Grow a Garden is everywhere on Roblox at the moment, melting servers and sending player counts through the roof. I have been intrigued by this, but not quite intrigued enough to get a Roblox account. But there’s a clone of it on Fortnite now. Of course there is. These games trade modes and ideas back and forth endlessly. So yesterday I dropped into Go Garden to see what the game’s about.
You start with a few flower beds in an arena that’s shared with a few other players. It’s like you’ve all dropped in to the Fortnite Allotments together. You plant seeds that grow at a variety of speeds depending on what they are. You harvest the seeds and sell them and you then use the money to buy more seeds that you sell for more money and on it goes. Oh, and because it’s Fortnite, you can do most of this while bombing around on a motorbike.

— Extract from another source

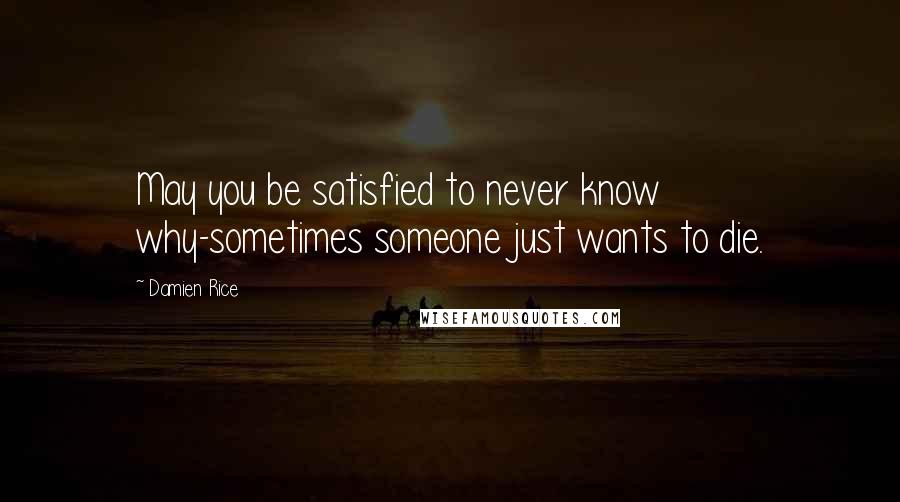 Damien Rice Quotes: May you be satisfied to never know why-sometimes someone just wants to die.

There are wrinkles, which are still announcing themselves. Some plants are one and done: you plant a tulip, you get one tulip and you pick it and sell it and then get on with your life. Others, like strawberries, leave you with plants that produce more and more of the things. Different weather conditions lead to different mutations in plants, which I assume makes them more valuable. You can buy sprinklers and whatnot to speed everything along, and there’s a Piranha Plant knock-off who you can go and chat to now and then. They’ll dispatch you to grow very specific plants in order to get a little bonus gift.